Con respaldo “moral” del gobierno inglés, Miranda se dirige a Estados Unidos -desembarca en Nueva York el 9 de noviembre de 1805- y organiza la expedición independentista; en suelo norteamericano establece contactos con Thomas Jefferson y James Madison, presidente y secretario de Estado de EEUU respectivamente, con William Smith, inspector de aduana del puerto de Nueva York y con Thomas Lewis, prominente empresario con un establecimiento comercial en Haití y conocido del presidente de esa primera república caribeña, Alejandro Petión.
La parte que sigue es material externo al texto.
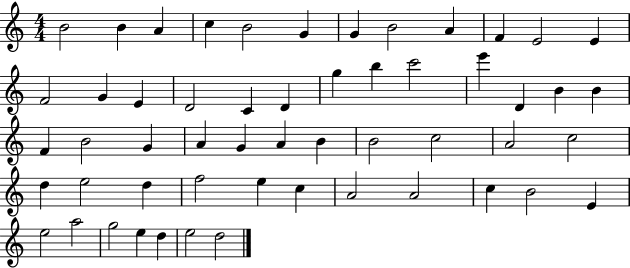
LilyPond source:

{
  \clef treble
  \numericTimeSignature
  \time 4/4
  \key c \major
  b'2 b'4 a'4 | c''4 b'2 g'4 | g'4 b'2 a'4 | f'4 e'2 e'4 | \break f'2 g'4 e'4 | d'2 c'4 d'4 | g''4 b''4 c'''2 | e'''4 d'4 b'4 b'4 | \break f'4 b'2 g'4 | a'4 g'4 a'4 b'4 | b'2 c''2 | a'2 c''2 | \break d''4 e''2 d''4 | f''2 e''4 c''4 | a'2 a'2 | c''4 b'2 e'4 | \break e''2 a''2 | g''2 e''4 d''4 | e''2 d''2 | \bar "|."
}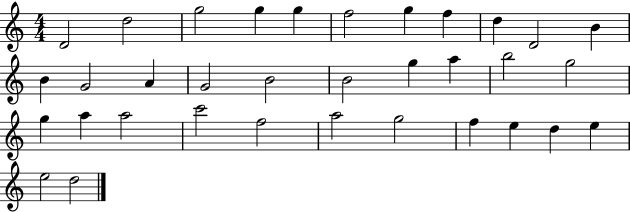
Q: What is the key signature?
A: C major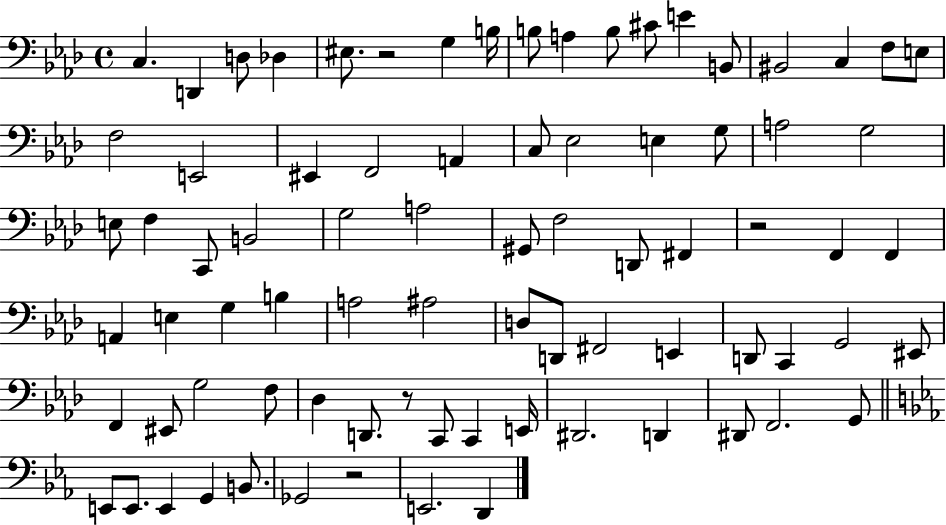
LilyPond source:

{
  \clef bass
  \time 4/4
  \defaultTimeSignature
  \key aes \major
  c4. d,4 d8 des4 | eis8. r2 g4 b16 | b8 a4 b8 cis'8 e'4 b,8 | bis,2 c4 f8 e8 | \break f2 e,2 | eis,4 f,2 a,4 | c8 ees2 e4 g8 | a2 g2 | \break e8 f4 c,8 b,2 | g2 a2 | gis,8 f2 d,8 fis,4 | r2 f,4 f,4 | \break a,4 e4 g4 b4 | a2 ais2 | d8 d,8 fis,2 e,4 | d,8 c,4 g,2 eis,8 | \break f,4 eis,8 g2 f8 | des4 d,8. r8 c,8 c,4 e,16 | dis,2. d,4 | dis,8 f,2. g,8 | \break \bar "||" \break \key c \minor e,8 e,8. e,4 g,4 b,8. | ges,2 r2 | e,2. d,4 | \bar "|."
}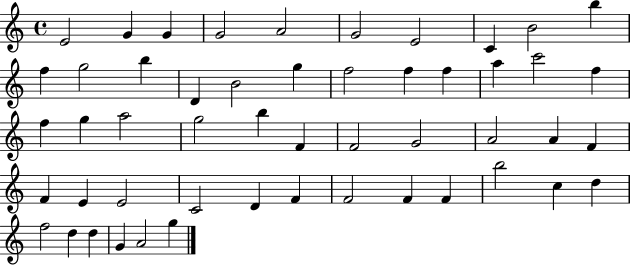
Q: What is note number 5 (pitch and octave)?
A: A4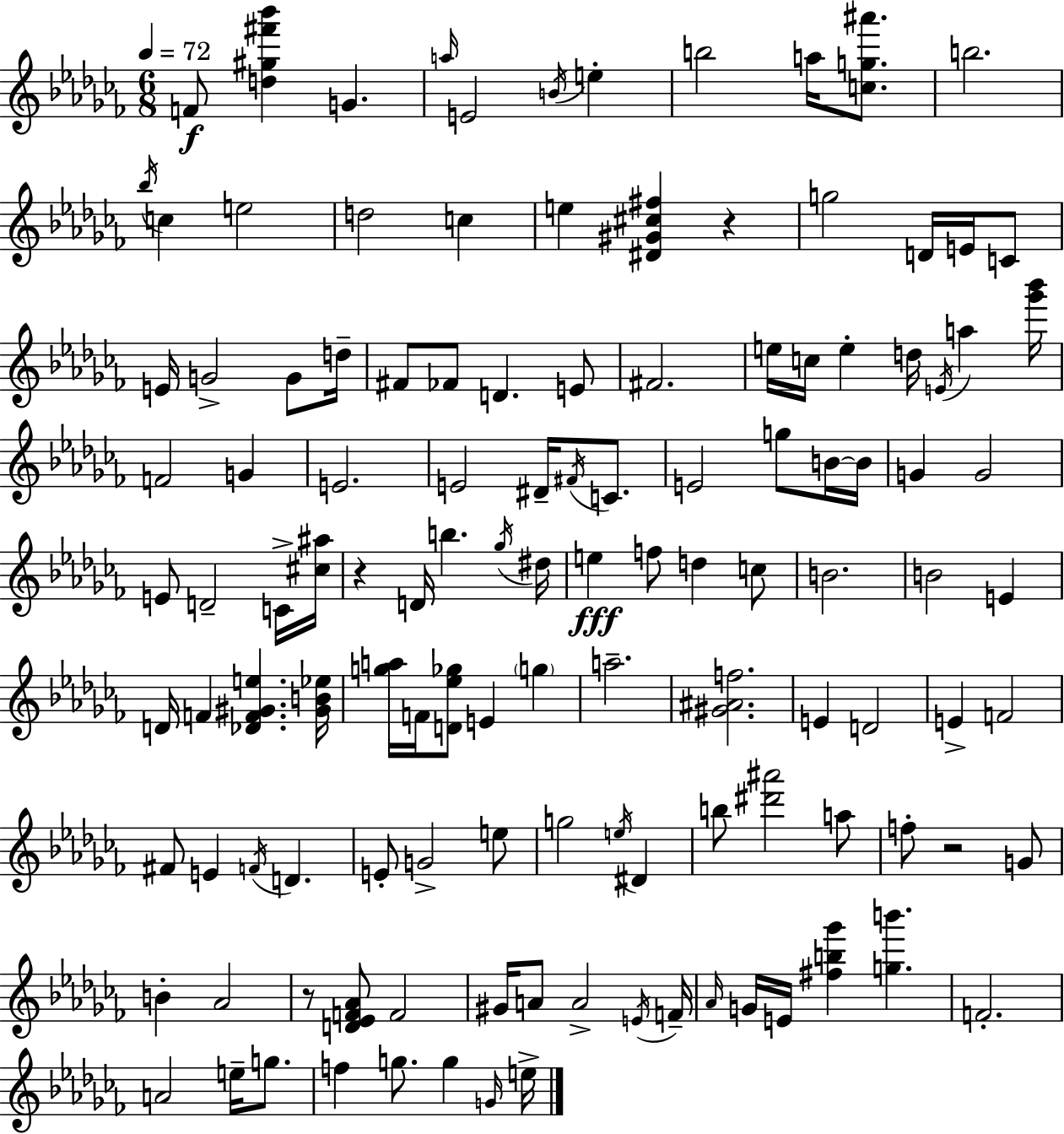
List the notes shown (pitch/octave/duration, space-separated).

F4/e [D5,G#5,F#6,Bb6]/q G4/q. A5/s E4/h B4/s E5/q B5/h A5/s [C5,G5,A#6]/e. B5/h. Bb5/s C5/q E5/h D5/h C5/q E5/q [D#4,G#4,C#5,F#5]/q R/q G5/h D4/s E4/s C4/e E4/s G4/h G4/e D5/s F#4/e FES4/e D4/q. E4/e F#4/h. E5/s C5/s E5/q D5/s E4/s A5/q [Gb6,Bb6]/s F4/h G4/q E4/h. E4/h D#4/s F#4/s C4/e. E4/h G5/e B4/s B4/s G4/q G4/h E4/e D4/h C4/s [C#5,A#5]/s R/q D4/s B5/q. Gb5/s D#5/s E5/q F5/e D5/q C5/e B4/h. B4/h E4/q D4/s F4/q [Db4,F4,G#4,E5]/q. [G#4,B4,Eb5]/s [G5,A5]/s F4/s [D4,Eb5,Gb5]/e E4/q G5/q A5/h. [G#4,A#4,F5]/h. E4/q D4/h E4/q F4/h F#4/e E4/q F4/s D4/q. E4/e G4/h E5/e G5/h E5/s D#4/q B5/e [D#6,A#6]/h A5/e F5/e R/h G4/e B4/q Ab4/h R/e [D4,Eb4,F4,Ab4]/e F4/h G#4/s A4/e A4/h E4/s F4/s Ab4/s G4/s E4/s [F#5,B5,Gb6]/q [G5,B6]/q. F4/h. A4/h E5/s G5/e. F5/q G5/e. G5/q G4/s E5/s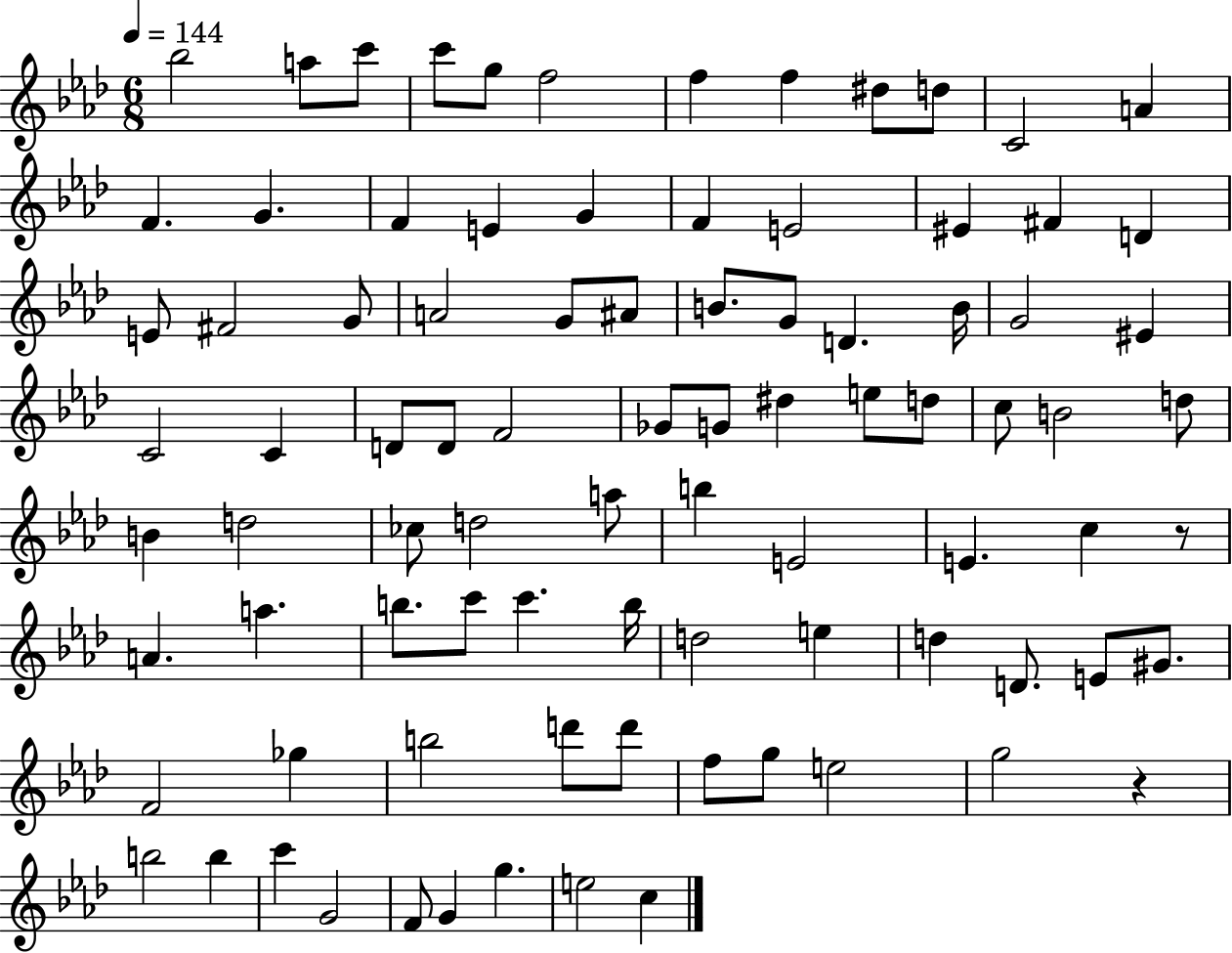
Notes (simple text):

Bb5/h A5/e C6/e C6/e G5/e F5/h F5/q F5/q D#5/e D5/e C4/h A4/q F4/q. G4/q. F4/q E4/q G4/q F4/q E4/h EIS4/q F#4/q D4/q E4/e F#4/h G4/e A4/h G4/e A#4/e B4/e. G4/e D4/q. B4/s G4/h EIS4/q C4/h C4/q D4/e D4/e F4/h Gb4/e G4/e D#5/q E5/e D5/e C5/e B4/h D5/e B4/q D5/h CES5/e D5/h A5/e B5/q E4/h E4/q. C5/q R/e A4/q. A5/q. B5/e. C6/e C6/q. B5/s D5/h E5/q D5/q D4/e. E4/e G#4/e. F4/h Gb5/q B5/h D6/e D6/e F5/e G5/e E5/h G5/h R/q B5/h B5/q C6/q G4/h F4/e G4/q G5/q. E5/h C5/q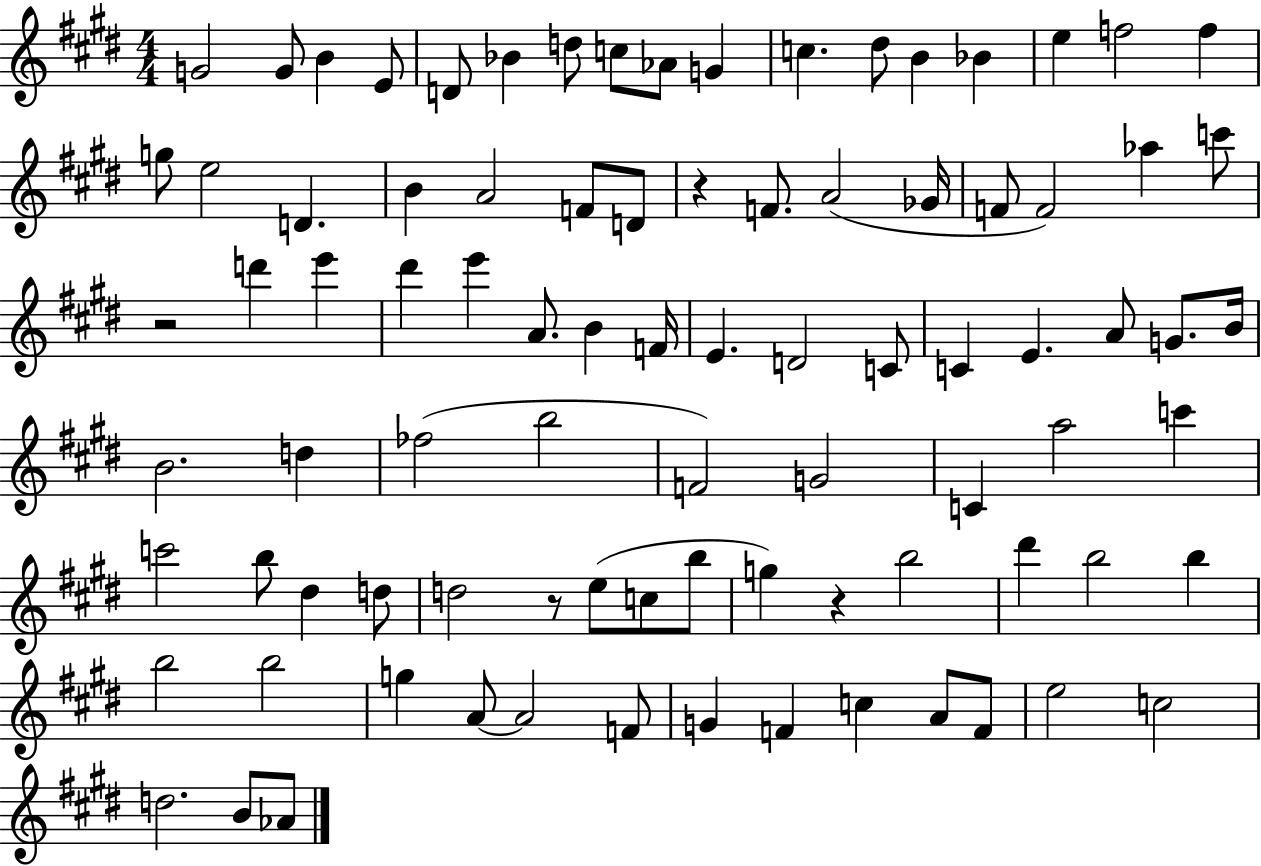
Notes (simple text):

G4/h G4/e B4/q E4/e D4/e Bb4/q D5/e C5/e Ab4/e G4/q C5/q. D#5/e B4/q Bb4/q E5/q F5/h F5/q G5/e E5/h D4/q. B4/q A4/h F4/e D4/e R/q F4/e. A4/h Gb4/s F4/e F4/h Ab5/q C6/e R/h D6/q E6/q D#6/q E6/q A4/e. B4/q F4/s E4/q. D4/h C4/e C4/q E4/q. A4/e G4/e. B4/s B4/h. D5/q FES5/h B5/h F4/h G4/h C4/q A5/h C6/q C6/h B5/e D#5/q D5/e D5/h R/e E5/e C5/e B5/e G5/q R/q B5/h D#6/q B5/h B5/q B5/h B5/h G5/q A4/e A4/h F4/e G4/q F4/q C5/q A4/e F4/e E5/h C5/h D5/h. B4/e Ab4/e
El gobierno de Estados Unidos no quiere tener problemas con el gobierno español, sin embargo le dan cierto apoyo logístico a Miranda, si logra llevar a cabo la expedición por sus propios medios. Posteriormente Jefferson se “lavaría las manos” ante el fracaso del general venezolano.

Preparativos

Es así, con todos esos contactos, que Francisco de Miranda consigue alquilarle al armador Samuel Ogden un buque de 180 toneladas aproximadamente al que rebautizó con el nombre de su primogénito, Leander. El alquiler tendría un astronómico interés  del 200% que Miranda acepta convencido del éxito de su aventura.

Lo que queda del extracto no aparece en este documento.